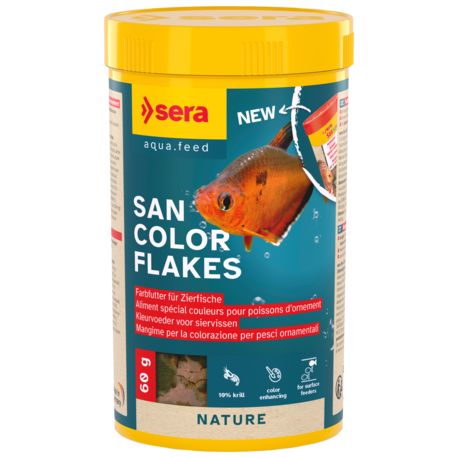 Sera San Color Flakes 250ml (60gr)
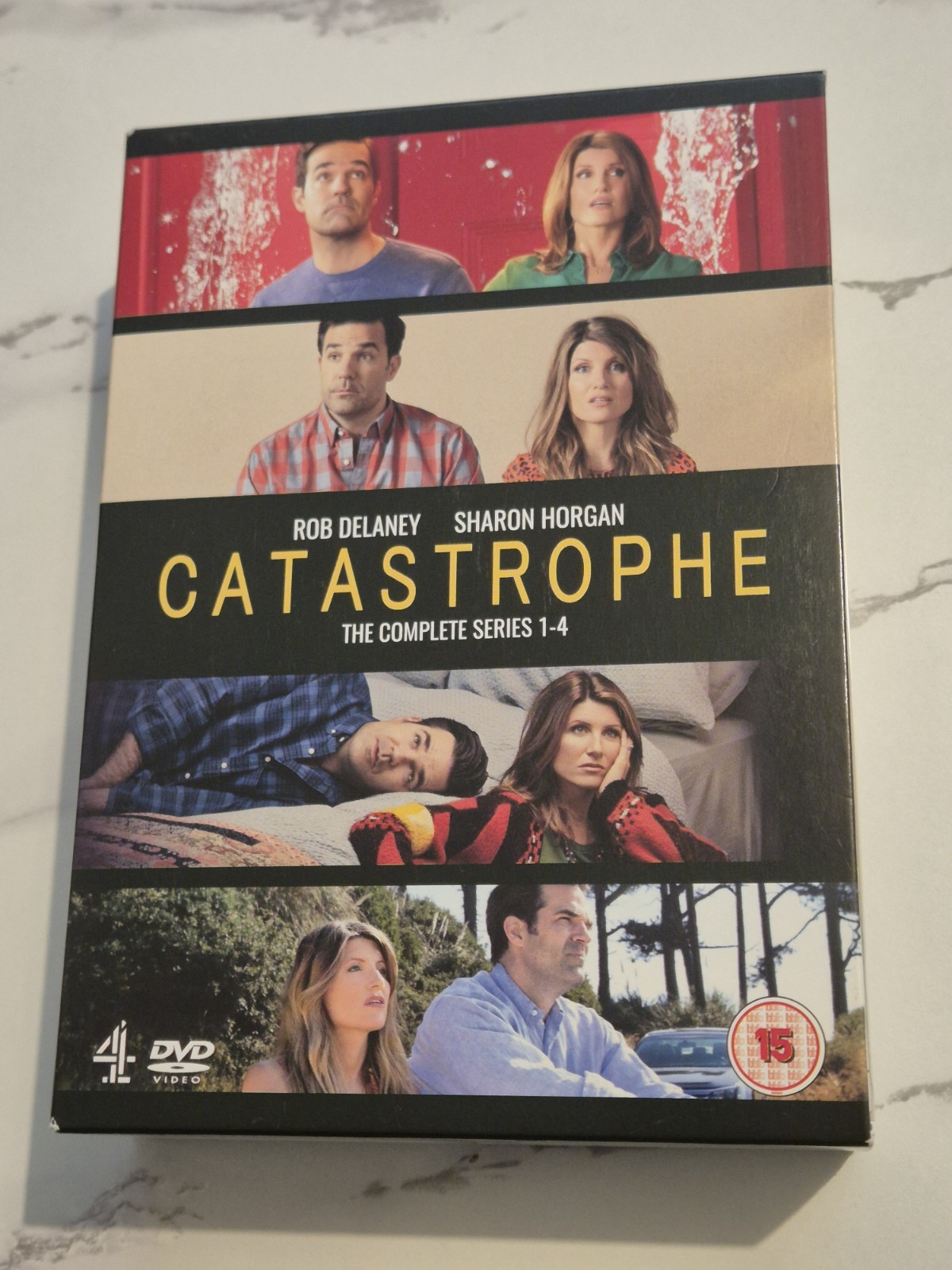 Catastrophe - Series 1-4 - Complete (Box Set) (DVD, 2019)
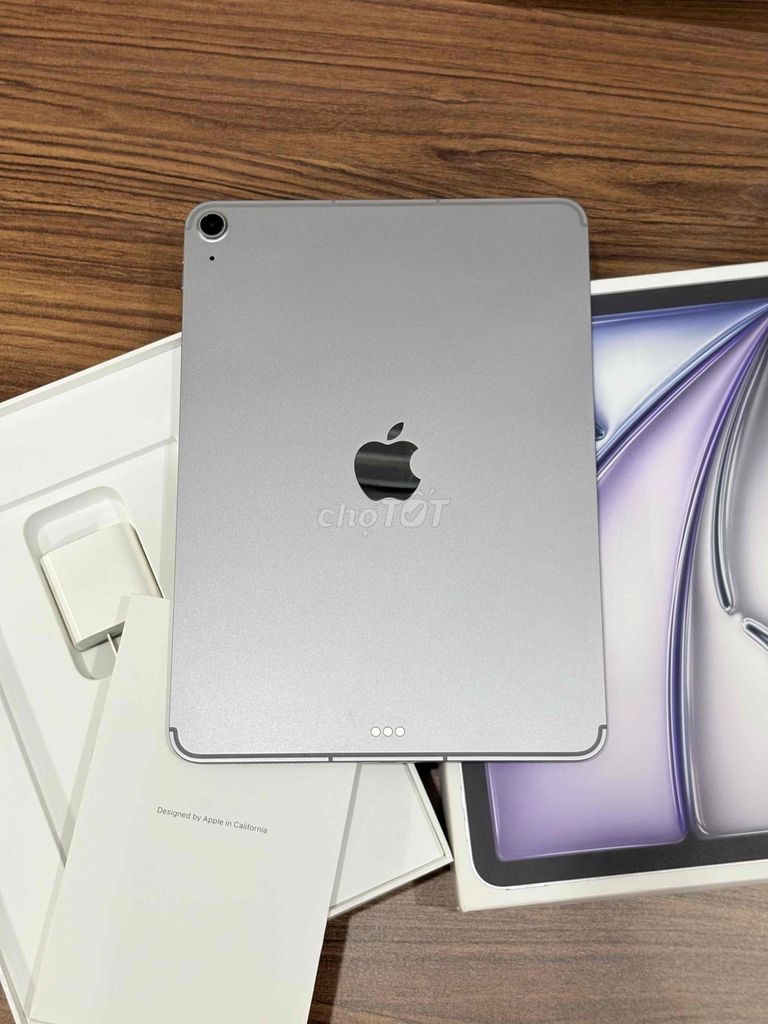 iPad Air 7 11inch 128GB 5G fullbox pin 100%. Mua bán Máy tính bảng tại Quận Thanh Xuân Hà Nội được đăng bởi Nguyen Hung  hình 1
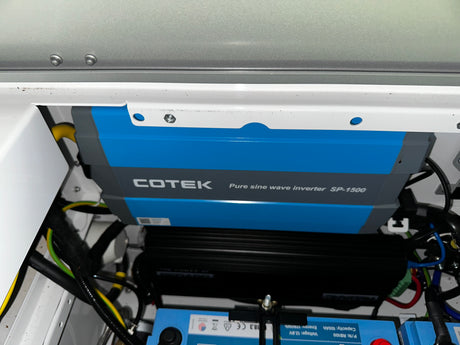 Cotek pure sine wave inverter detail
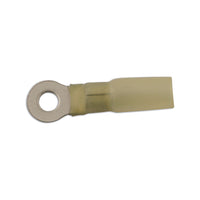 Connect Yellow Heat Shrink Ring Terminal 10.0mm 25pc 30234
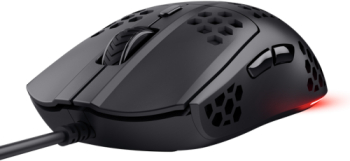 Mouse Optic Trust GXT 928 Helox USB-A Black 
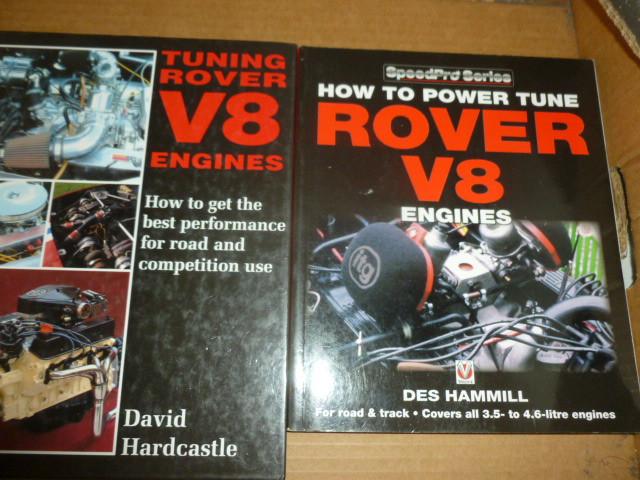 3 boeken Rover 3.5 V8 David Hardcastle + Des Hamill + Haynes, Auto diversen, Handleidingen en Instructieboekjes, Ophalen
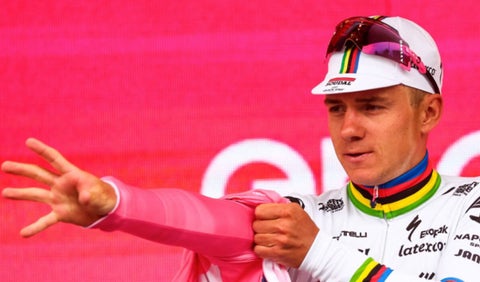 Remco Evenepoel, ciclista del Quick Step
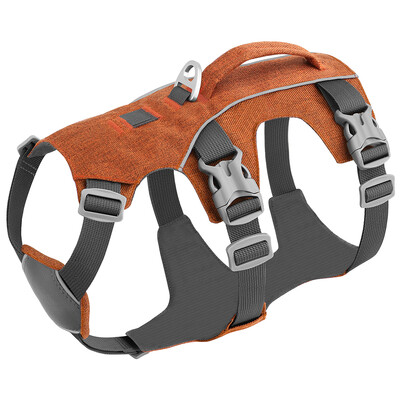 Reflektirajući pojas za pse Podesivi pojas za pse, prsluk s ručkom, izdržljivi pojas za hodanje za male i srednje pse za dresuru kućnih ljubimaca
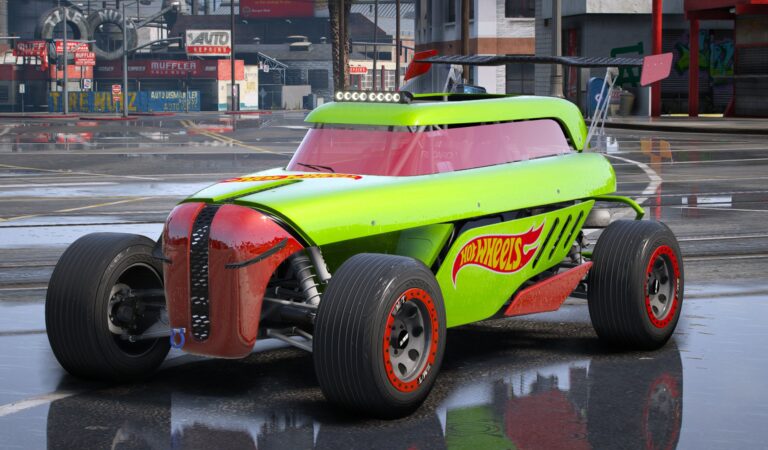 Hot Wheels The Rip Rod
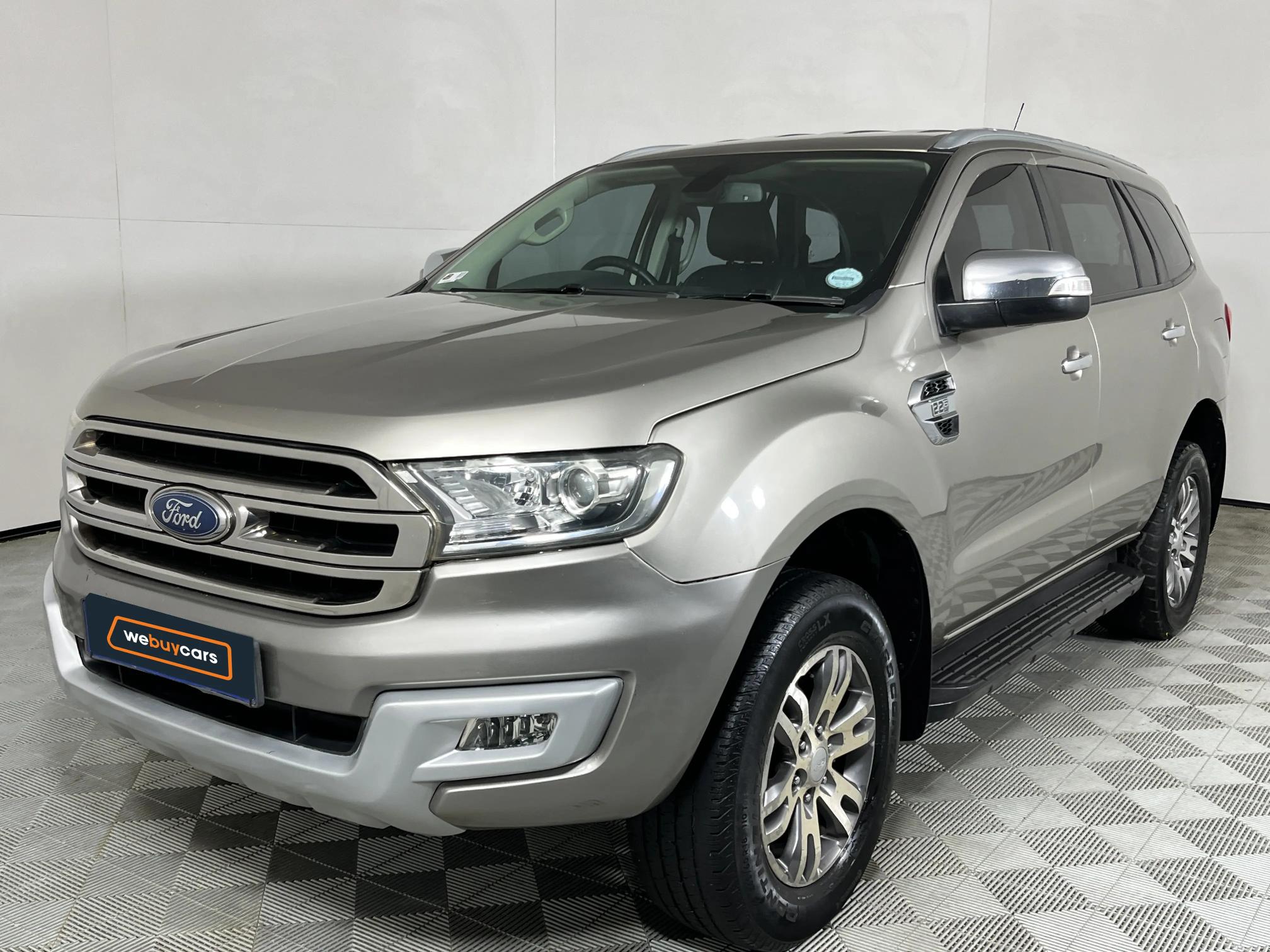 Used 2017 Ford Everest 2.2TDCi XLT auto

------

### Assignment
From the records above, copy only the lines running from the line containing "Catastrophe - Series" to the line containing "Hot Wheels The Rip Rod", both ends included. Leave the pictures out.

### Task result
 Catastrophe - Series 1-4 - Complete (Box Set) (DVD, 2019)
 iPad Air 7 11inch 128GB 5G fullbox pin 100%. Mua bán Máy tính bảng tại Quận Thanh Xuân Hà Nội được đăng bởi Nguyen Hung  hình 1
 Cotek pure sine wave inverter detail
 Connect Yellow Heat Shrink Ring Terminal 10.0mm 25pc 30234
 Mouse Optic Trust GXT 928 Helox USB-A Black 
 3 boeken Rover 3.5 V8 David Hardcastle + Des Hamill + Haynes, Auto diversen, Handleidingen en Instructieboekjes, Ophalen
 Remco Evenepoel, ciclista del Quick Step
 Reflektirajući pojas za pse Podesivi pojas za pse, prsluk s ručkom, izdržljivi pojas za hodanje za male i srednje pse za dresuru kućnih ljubimaca
 Hot Wheels The Rip Rod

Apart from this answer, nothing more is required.